Het cassatieberoep is ingesteld namens de verdachte en mr. N. van Schaik, advocaat te Utrecht, heeft één middel van cassatie voorgesteld.
Het middel klaagt dat uit de gebezigde bewijsmiddelen niet kan worden afgeleid dat verdachte “
wist dat een op zijn naam gesteld rijbewijs voor een categorie van motorrijtuigen, te weten categorie B, ongeldig was verklaard en aan hem daarna geen ander rijbewijs voor het besturen van een motorrijtuig van de betrokken categorie was afgegeven”.
Ten laste van de verdachte is bewezenverklaard dat hij:
“op 16 januari 2015 te Amersfoort, terwijl hij wist dat een op zijn naam gesteld rijbewijs voor een categorie van motorrijtuigen, te weten B, ongeldig was verklaard en aan hem daarna geen ander rijbewijs voor het besturen van een motorrijtuig van de betrokken categorie was afgegeven, op de Zangvogelweg als bestuurder een motorrijtuig (personenauto) van die categorie heeft bestuurd.”

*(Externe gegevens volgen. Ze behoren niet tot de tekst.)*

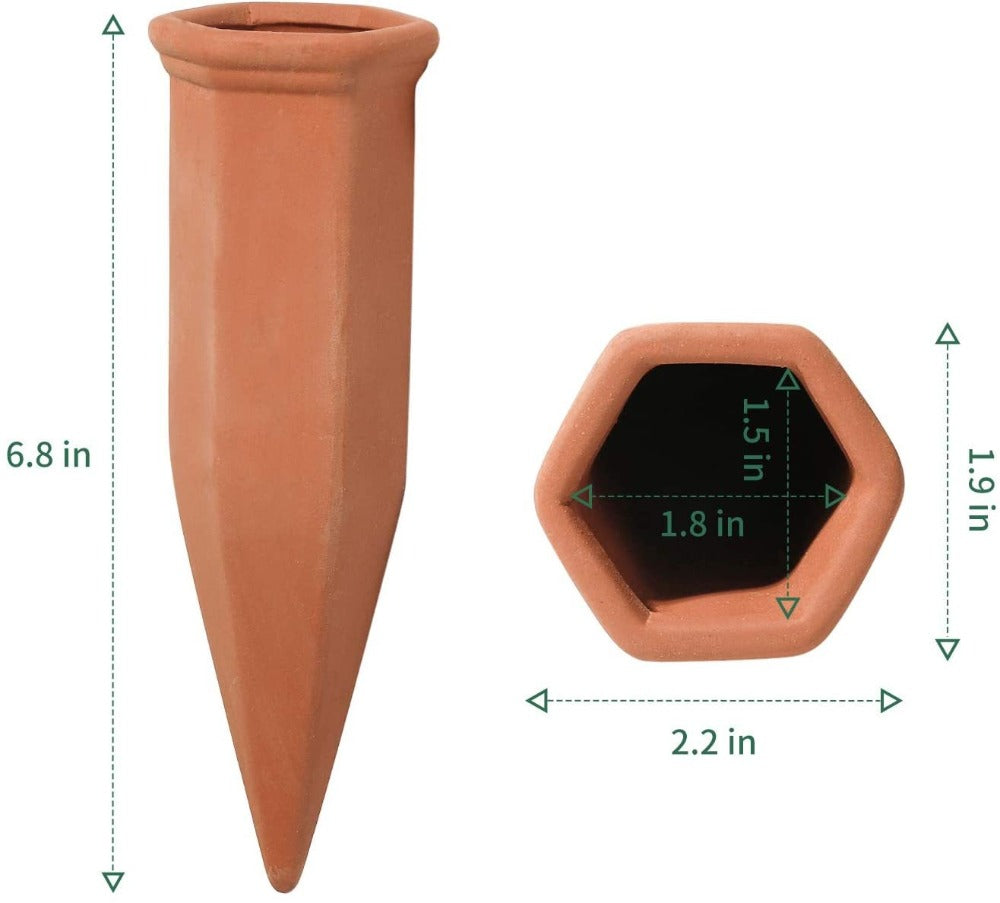 Greenhaus Gardening Slow Release Watering Stakes for Potted Plants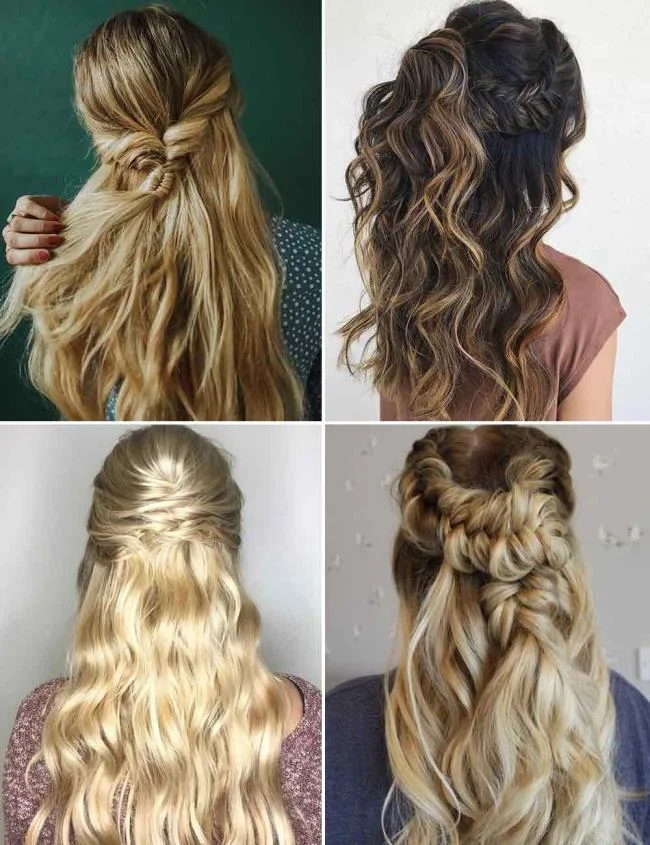 Gaya Rambut Rambut Panjang: 200 idea mudah dan cantik!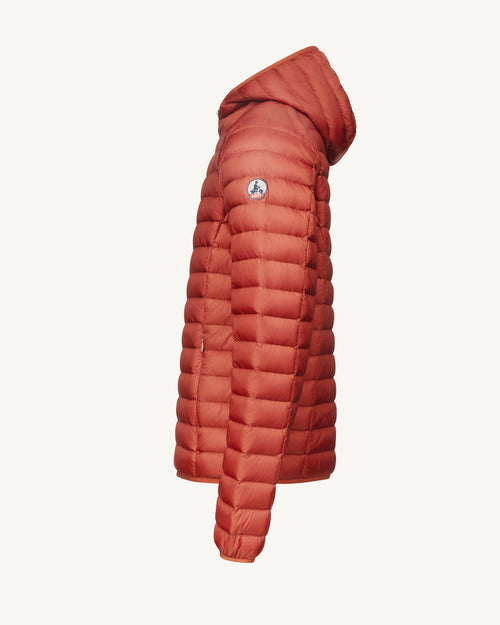 Intense rust Lightweight down jacket Nico - JOTT UK - 4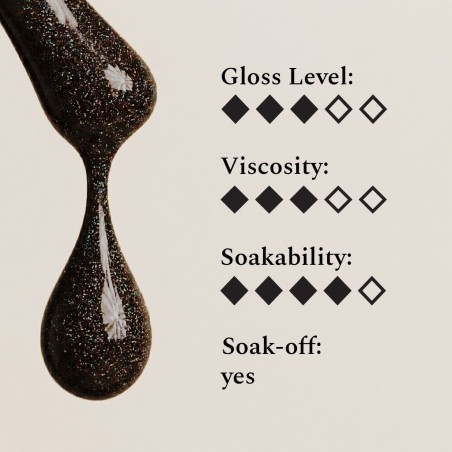 Effect Top Gel Orion 12ml – Top Coat Holo Graphite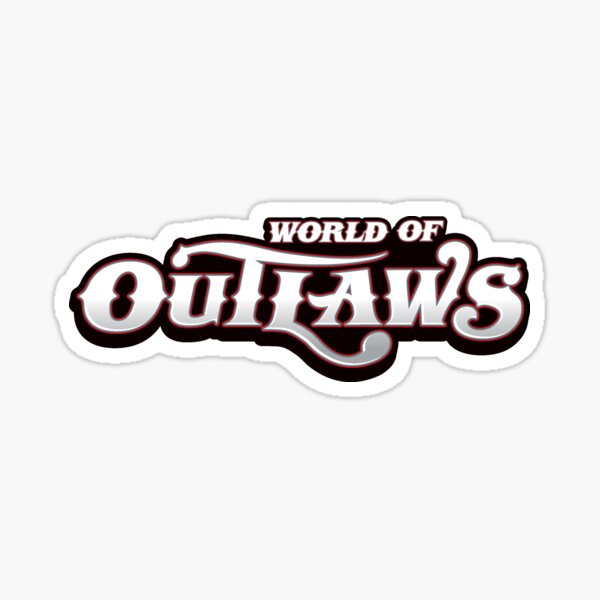 World of Outlaws Logo Sticker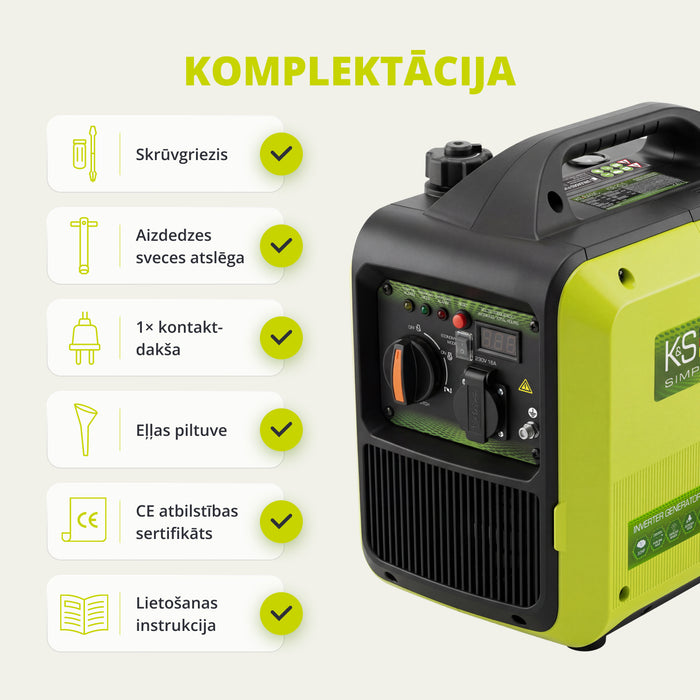Invertora ģenerators KSB 20i S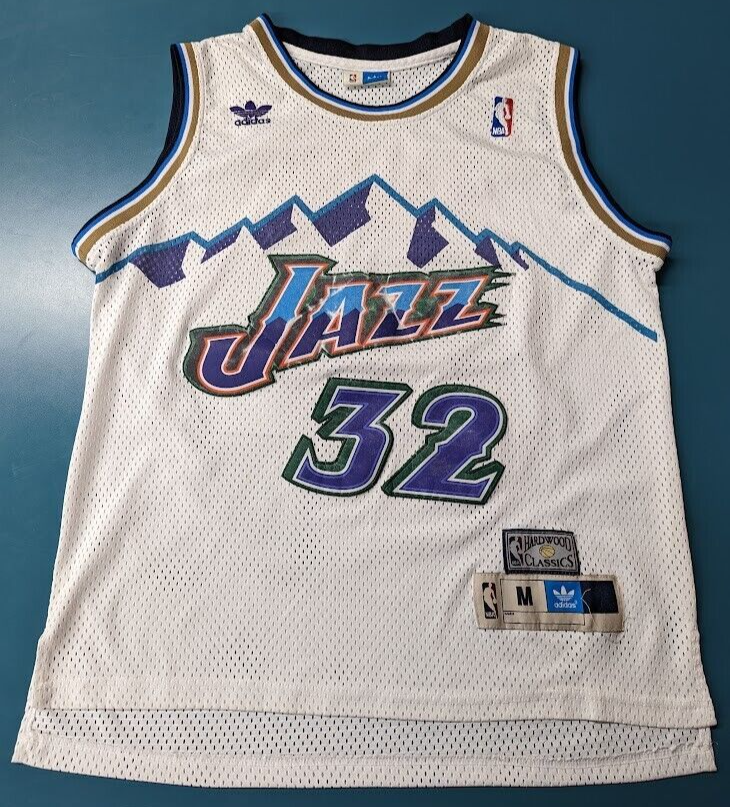 Vintage Karl Malone Utah Jazz #32 Hardwood Classics Adidas Men's M NBA  Basketball Jersey for Sale in Joliet, IL - OfferUp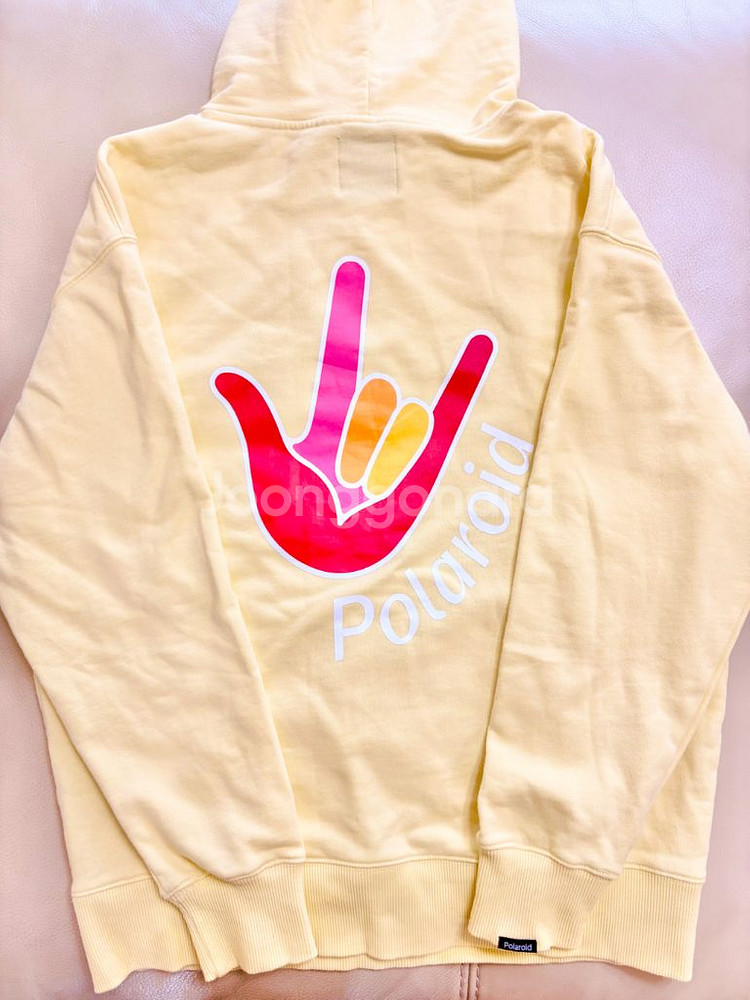 폴라로이드 POLAROID GO 후드티 레몬옐로우--7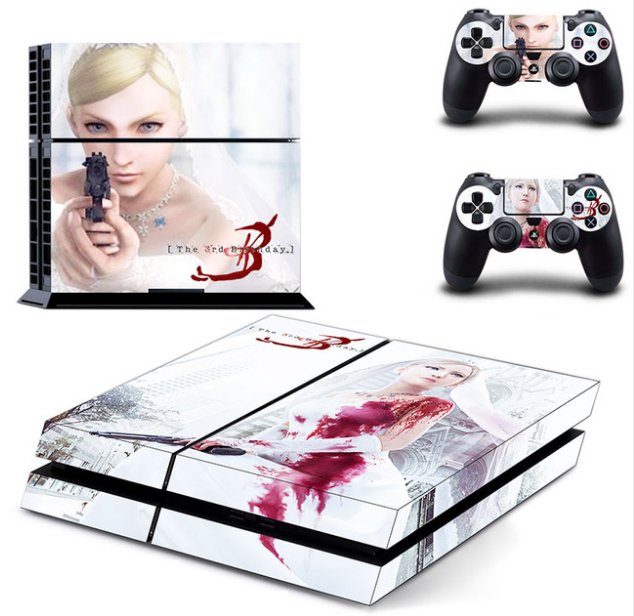 Skin Sticker For PS4 Playstation 4 Console + Controllers Vinyl Decal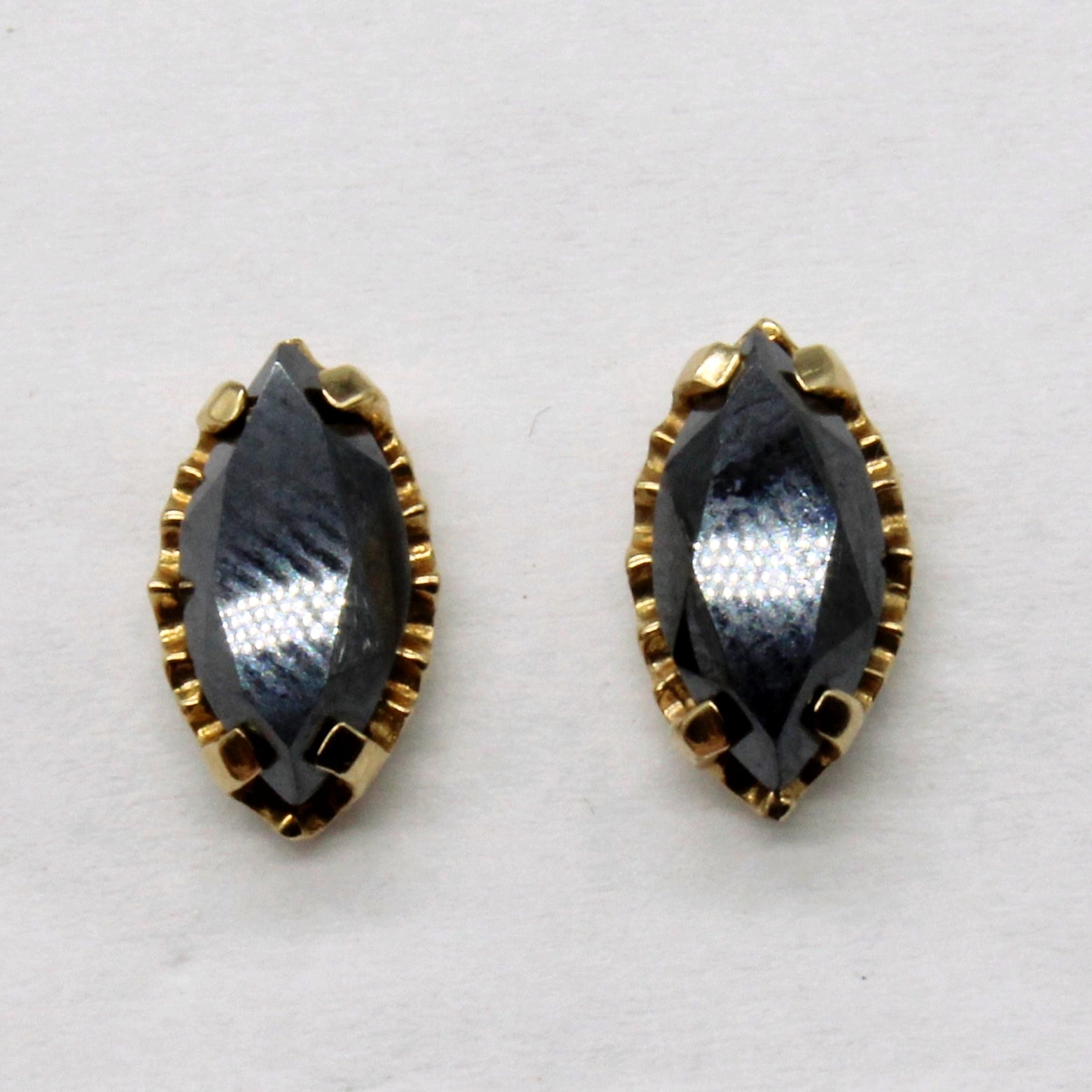 Hematite Stud Earrings | 2.80ctw |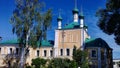 Ancient historical building of orthodox church cathedral in Pereslavl Zalesskiy Royalty Free Stock Photo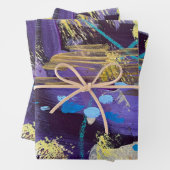 Feierliches Lila und Gold  Geschenkpapier Set (Beispiel)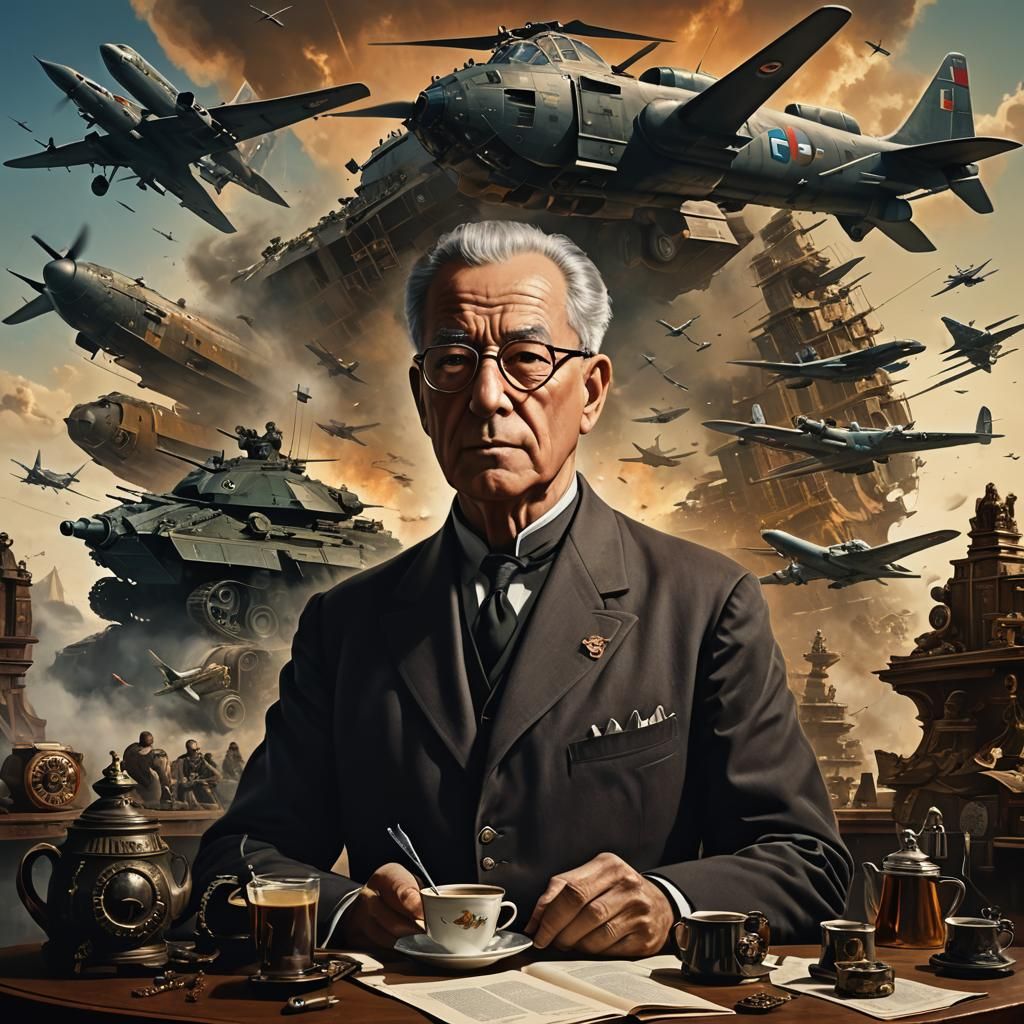 Surreal Mindscape: War, Math, Tools, and Tea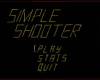 Simple shooter menu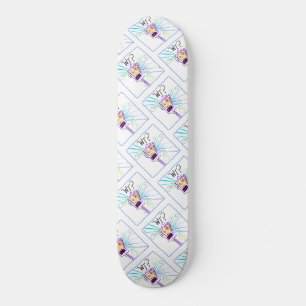 VAD? VAD ÄR DET? EMOJI Meemogie Mini Skateboard Bräda 18,5 Cm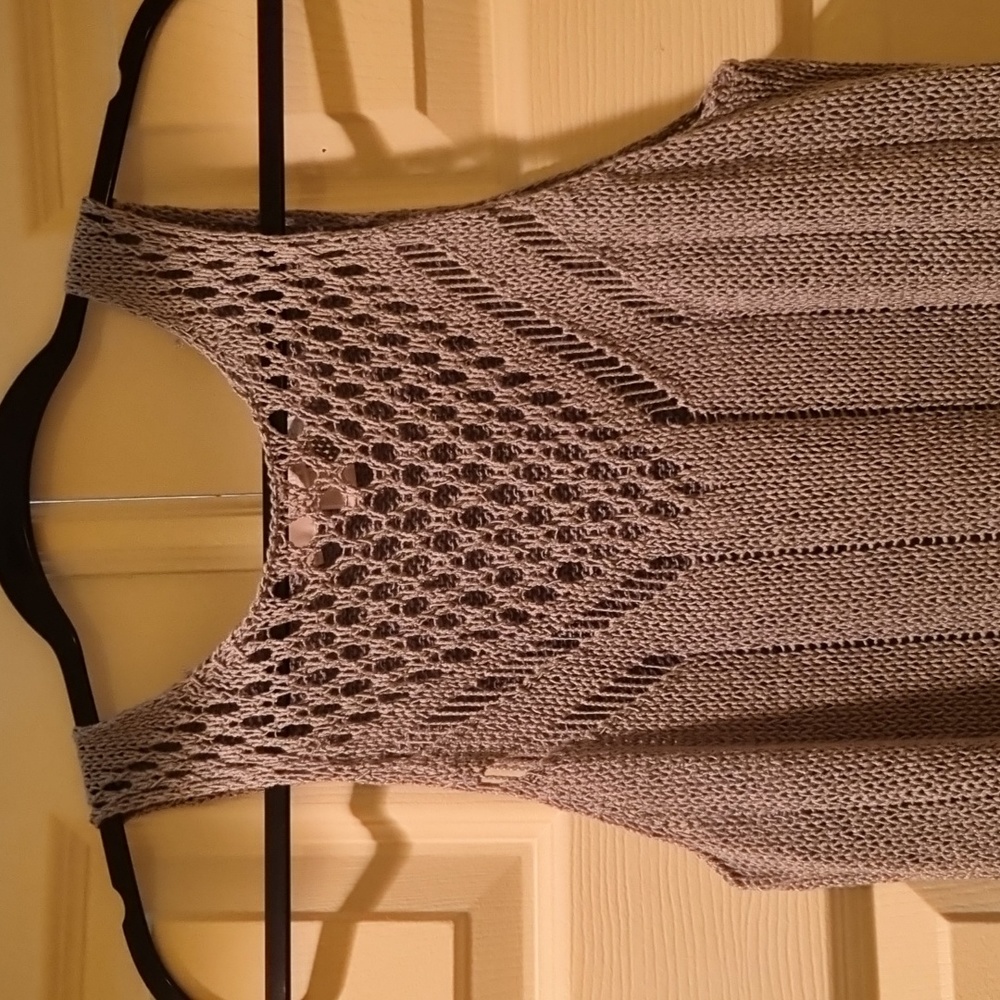 MICHAEL Michael Kors Knit Top Gray Size Medium - Picture 6 of 12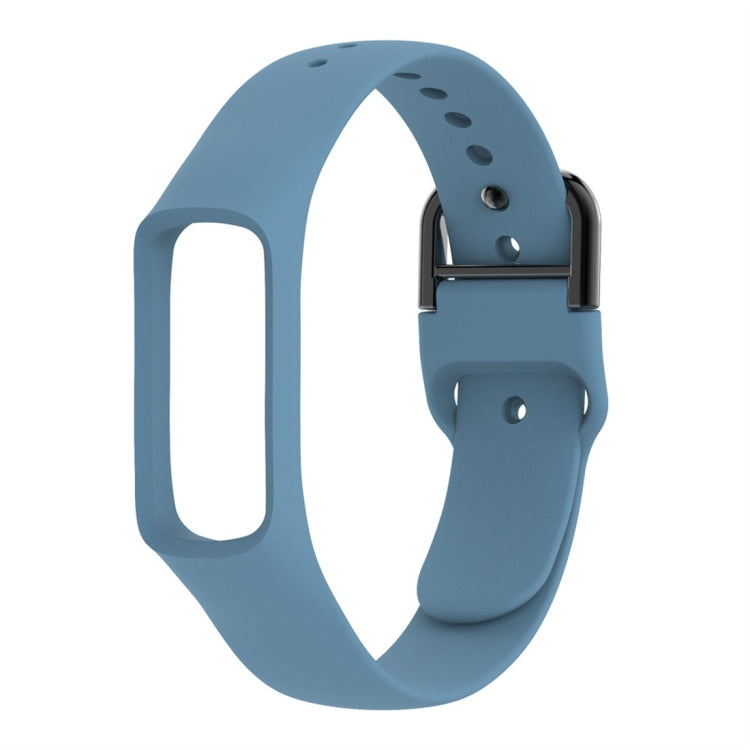 สายรัดนาฬิกาซิลิโคนสีเรียบสำหรับ Galaxy Fit-e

5. De bewezenverklaring steunt op de volgende bewijsmiddelen (onderstreping in het origineel):
“1. Een ambtsedig proces-verbaal van bevindingen, opgemaakt door politie eenheid Midden-Nederland, Utrecht district Oost-Utrecht, basisteam Amersfoort, proces-verbaalnummer PL0900-2015037825-2 opgemaakt door [verbalisant 1] en [verbalisant 2], verbalisanten, opgemaakt op 9 februari 2015 (ongenummerde bladzijde van PL0900-1601152145013422), inhoudende als relaas en/of bevindingen van voornoemde verbalisanten of een van hen:
Op vrijdag 16 januari 2015 waren wij belast met de incidentafhandeling te Amersfoort. Op de rotonde van de Van Randwijcklaan/ Zangvogelweg zagen wij rechts van ons een Volkswagen Golf voorzien van kenteken [AA-00-BB] de rotonde rijden. Wij zagen dat de Volkswagen, de tweede afslag van de rotonde nam, weer de Zandvogelweg op. Er zaten twee mannen in het voertuig. We spraken de bestuurder aan. Verbalisant [verbalisant 1] wist ambtshalve dat hij [verdachte] van zijn achternaam heet. Wij herkenden voor 100 procent dat [verdachte], geboren op [geboortedatum] 1972 te [geboorteplaats] [de bestuurder was]. Verbalisant [verbalisant 1] trok [verdachte] na in het politiesysteem en uit het RDW register bleek dat het rijbewijs van [verdachte] ongeldig is verklaard op 29 augustus 2006. Op 28 januari 2015 zag verbalisant [verbalisant 1], [verdachte] lopen en toen verbalisant riep ‘He [verdachte]’, zag verbalisant dat [verdachte] zich omdraaide en naar hem keek. Verbalisant [verbalisant 1] herkende deze man tevens weer als bestuurder van genoemd voertuig.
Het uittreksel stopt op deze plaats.